The new feature in Skype 2.0 enables 10-way voice conference calls only on machines powered with Intel dual-core processors. For users of all other computers, the maximum number of people they can host on a Skype conference call is five.
When Skype and Intel announced the deal earlier this month, Skype claimed only Intel’s chips had the performance required to host a 10-person call.
But AMD refutes this claim and said the 10-way calling feature was disabled, at Intel’s request, for users of AMD computers.
This is an artificial limitation, said AMD spokesperson Michael Silverman. Indeed, the details we know strongly suggest there is absolutely no technological basis for this exclusive arrangement.
The Skype 2.0 software runs a CPU ID check to see which processor is sitting in the motherboard of the PC. If that CPU is not an Intel dual core chip, the software disables the 10-way feature, Silverman said.
Skype has said that Intel exclusivity of the 10-way feature is temporary in nature, he said. That only strengthens our argument that there’s no technological reason for the 10-way feature to be limited to Intel dual core.
As AMD sees it, if consumers who have AMD processors in their PCs will be permitted to run 10-way call at some future point, whenever the ‘temporary’ nature of this exclusivity deal ends, they should be able to run 10-way calling today just as easily, Silverman said.
This is yet another way that Intel uses its monopoly power, and it is illegal for a monopoly to maintain its power through anticompetitive practices, he said. This may well be the latest example of those practices, and that’s why we served Skype with the subopoena.
Skype declined to comment on whether the performance of its software had also been tested on AMD or other non-Intel dual-core chips.
AMD’s subpoena seeks any analyses or documents that would show proof of such a comparison. AMD also is demanding all documents, electronic and paper, relating to its dealings with Intel since the beginning of 2000.
eBay-owned Skype also declined to comment on the subpoena. Skype has just become aware of the document and our lawyers are reviewing it. We do not comment on any on going legal issues, said a Skype spokesperson.
An Intel spokesperson confirmed there was no specific technology written in the company’s Core Duo processor architecture to optimize a 10-way Skype call.
That AMD has subpoenaed Skype was no surprise, given that AMD had already sent subpoenas to about 50 companies as part of its current litigation against Intel, said Intel spokesperson Chuck Mulloy.
AMD last June filed a civil antitrust suit against the world’s biggest chipmaker, Intel. Among its claims, AMD alleged Intel bribed and threatened customers with retaliatory action if they bought chips from underdog AMD.

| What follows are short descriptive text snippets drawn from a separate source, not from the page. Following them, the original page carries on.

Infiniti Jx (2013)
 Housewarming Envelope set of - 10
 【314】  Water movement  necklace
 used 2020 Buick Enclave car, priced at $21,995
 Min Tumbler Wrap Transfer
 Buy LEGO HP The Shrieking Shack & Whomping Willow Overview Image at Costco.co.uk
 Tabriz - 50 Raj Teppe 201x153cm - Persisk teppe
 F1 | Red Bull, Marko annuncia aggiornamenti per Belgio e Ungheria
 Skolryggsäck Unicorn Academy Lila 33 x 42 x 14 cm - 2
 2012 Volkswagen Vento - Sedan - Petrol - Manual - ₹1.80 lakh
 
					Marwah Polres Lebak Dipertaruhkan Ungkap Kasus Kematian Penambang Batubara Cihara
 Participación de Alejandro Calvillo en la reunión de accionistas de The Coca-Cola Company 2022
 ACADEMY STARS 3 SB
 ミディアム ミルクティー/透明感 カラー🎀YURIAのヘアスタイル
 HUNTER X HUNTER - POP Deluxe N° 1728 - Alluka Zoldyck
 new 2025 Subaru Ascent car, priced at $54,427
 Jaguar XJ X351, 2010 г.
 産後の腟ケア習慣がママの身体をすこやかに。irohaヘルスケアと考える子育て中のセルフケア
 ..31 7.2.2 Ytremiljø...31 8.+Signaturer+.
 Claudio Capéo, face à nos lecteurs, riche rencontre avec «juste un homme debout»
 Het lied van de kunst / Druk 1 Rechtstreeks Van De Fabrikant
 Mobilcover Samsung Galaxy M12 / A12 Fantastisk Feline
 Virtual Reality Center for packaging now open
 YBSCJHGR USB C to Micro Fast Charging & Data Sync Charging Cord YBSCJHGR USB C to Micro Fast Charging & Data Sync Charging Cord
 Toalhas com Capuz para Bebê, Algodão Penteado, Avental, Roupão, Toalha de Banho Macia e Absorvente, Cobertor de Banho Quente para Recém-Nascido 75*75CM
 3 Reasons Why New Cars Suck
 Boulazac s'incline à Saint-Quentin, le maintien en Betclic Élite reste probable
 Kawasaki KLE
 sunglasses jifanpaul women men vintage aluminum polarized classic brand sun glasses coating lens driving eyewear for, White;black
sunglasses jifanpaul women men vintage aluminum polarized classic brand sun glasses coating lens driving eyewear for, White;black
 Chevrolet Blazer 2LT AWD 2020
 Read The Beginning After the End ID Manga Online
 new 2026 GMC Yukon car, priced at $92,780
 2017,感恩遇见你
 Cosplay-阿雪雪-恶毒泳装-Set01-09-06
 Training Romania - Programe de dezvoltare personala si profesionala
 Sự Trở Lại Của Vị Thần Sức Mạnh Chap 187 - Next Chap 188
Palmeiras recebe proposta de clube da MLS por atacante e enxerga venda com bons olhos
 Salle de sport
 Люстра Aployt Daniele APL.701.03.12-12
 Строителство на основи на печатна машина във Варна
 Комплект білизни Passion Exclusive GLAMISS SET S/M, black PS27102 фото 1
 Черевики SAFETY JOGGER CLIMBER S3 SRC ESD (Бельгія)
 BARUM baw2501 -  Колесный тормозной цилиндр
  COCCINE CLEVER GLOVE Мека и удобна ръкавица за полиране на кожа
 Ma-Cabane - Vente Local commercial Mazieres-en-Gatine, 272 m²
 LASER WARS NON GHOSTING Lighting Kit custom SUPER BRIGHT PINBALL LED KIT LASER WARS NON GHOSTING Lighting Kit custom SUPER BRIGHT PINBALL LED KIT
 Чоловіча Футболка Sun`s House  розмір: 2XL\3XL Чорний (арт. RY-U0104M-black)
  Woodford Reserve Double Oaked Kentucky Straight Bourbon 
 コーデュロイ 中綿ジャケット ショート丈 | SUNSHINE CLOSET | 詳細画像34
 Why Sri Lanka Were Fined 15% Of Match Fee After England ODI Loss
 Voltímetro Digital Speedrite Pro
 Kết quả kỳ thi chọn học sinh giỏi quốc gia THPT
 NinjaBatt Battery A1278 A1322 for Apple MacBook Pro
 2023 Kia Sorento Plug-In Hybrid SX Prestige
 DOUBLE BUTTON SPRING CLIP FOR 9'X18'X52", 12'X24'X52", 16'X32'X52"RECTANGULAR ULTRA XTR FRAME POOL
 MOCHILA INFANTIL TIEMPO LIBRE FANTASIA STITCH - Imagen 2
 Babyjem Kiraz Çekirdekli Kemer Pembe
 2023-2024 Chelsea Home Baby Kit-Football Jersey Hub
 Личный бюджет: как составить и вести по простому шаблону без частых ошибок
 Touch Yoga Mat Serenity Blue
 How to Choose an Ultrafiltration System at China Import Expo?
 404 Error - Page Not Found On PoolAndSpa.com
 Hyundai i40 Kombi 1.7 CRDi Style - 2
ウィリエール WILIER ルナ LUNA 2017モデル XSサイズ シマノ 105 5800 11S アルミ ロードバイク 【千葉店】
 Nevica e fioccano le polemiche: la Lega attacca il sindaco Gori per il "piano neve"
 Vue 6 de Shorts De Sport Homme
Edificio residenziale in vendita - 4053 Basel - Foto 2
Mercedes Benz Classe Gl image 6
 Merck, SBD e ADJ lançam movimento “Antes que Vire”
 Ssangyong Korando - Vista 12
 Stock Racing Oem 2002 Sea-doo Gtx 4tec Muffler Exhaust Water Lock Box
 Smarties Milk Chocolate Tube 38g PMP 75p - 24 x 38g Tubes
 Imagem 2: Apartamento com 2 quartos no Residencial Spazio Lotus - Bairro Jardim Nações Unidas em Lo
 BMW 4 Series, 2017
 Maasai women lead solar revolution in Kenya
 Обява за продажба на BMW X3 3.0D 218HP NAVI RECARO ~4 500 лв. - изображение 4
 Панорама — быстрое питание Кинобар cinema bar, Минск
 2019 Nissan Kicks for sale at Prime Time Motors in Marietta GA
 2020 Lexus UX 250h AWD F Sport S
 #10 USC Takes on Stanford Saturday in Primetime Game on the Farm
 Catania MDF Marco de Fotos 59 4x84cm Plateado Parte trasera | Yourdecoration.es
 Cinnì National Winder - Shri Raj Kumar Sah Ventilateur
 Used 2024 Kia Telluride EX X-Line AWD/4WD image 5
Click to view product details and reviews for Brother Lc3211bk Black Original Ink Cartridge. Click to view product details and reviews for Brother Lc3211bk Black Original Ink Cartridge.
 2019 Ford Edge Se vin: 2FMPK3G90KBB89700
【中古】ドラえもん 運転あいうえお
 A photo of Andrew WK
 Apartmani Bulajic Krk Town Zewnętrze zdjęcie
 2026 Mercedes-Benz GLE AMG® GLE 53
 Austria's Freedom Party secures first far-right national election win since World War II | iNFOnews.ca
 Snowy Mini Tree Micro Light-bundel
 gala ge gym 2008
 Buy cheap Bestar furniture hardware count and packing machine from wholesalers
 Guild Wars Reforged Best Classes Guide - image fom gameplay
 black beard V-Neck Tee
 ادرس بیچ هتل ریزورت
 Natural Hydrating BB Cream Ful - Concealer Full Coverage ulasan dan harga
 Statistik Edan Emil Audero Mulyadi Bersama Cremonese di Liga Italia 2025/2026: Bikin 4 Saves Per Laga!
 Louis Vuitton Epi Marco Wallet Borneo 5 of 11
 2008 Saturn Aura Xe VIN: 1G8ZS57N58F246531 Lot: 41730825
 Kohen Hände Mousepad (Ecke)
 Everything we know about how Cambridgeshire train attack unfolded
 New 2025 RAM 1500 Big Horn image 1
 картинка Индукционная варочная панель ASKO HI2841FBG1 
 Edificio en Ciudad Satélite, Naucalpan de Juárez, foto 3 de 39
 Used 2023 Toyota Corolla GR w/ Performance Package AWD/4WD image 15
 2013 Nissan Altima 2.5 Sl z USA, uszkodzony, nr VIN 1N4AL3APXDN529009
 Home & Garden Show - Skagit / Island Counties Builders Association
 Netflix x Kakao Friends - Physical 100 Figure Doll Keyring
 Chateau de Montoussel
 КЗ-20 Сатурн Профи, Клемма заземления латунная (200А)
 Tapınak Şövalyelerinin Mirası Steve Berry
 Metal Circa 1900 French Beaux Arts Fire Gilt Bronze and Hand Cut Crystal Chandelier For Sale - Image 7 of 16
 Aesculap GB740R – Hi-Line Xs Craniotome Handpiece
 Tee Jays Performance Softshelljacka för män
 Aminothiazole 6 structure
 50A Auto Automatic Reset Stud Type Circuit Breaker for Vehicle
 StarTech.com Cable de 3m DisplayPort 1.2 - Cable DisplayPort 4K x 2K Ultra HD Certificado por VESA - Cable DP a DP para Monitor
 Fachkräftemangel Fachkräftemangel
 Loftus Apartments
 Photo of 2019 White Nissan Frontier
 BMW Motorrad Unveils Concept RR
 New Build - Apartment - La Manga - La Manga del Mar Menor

Intel has emphatically responded that its customer discounts were not illegal and that is has not broken the law.
We think that once we go through the litgaiton process, the courts will come to the conclusion that our business practices are fair and lawful, Mulloy said.
In Skype’s subpoena, AMD asked for documents relating to any financial inducement from Intel, including payments, rebates or discounts on any Intel product, as well as exceptions to corporate approved pricing.
The subpoena also demanded documents that may relate to Skype receiving any market development funds, meeting competition payments or any advertising or pricing support from Intel.